| What is required |
In the data beneath this task, how many lines contain "Pink"? Answer with the number only.

#### Given entries ####

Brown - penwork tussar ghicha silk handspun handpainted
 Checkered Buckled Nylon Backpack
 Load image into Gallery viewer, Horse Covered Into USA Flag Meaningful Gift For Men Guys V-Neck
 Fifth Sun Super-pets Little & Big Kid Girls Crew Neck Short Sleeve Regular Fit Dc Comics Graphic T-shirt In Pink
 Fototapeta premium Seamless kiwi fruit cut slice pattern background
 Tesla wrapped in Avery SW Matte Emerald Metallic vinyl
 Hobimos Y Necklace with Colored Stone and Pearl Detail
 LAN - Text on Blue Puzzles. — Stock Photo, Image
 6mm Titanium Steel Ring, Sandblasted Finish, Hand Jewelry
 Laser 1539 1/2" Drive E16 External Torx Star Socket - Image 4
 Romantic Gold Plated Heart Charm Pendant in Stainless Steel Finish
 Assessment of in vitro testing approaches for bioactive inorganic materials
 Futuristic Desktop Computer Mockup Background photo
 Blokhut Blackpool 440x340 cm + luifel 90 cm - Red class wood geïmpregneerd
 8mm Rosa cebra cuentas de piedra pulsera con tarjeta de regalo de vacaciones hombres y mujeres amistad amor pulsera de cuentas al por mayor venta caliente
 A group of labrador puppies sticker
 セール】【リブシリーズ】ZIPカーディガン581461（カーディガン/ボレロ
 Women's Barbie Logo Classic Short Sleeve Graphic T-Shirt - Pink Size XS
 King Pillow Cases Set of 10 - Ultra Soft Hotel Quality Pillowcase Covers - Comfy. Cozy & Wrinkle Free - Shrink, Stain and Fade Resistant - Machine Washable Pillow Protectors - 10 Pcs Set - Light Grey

####

| Reply to the task |
2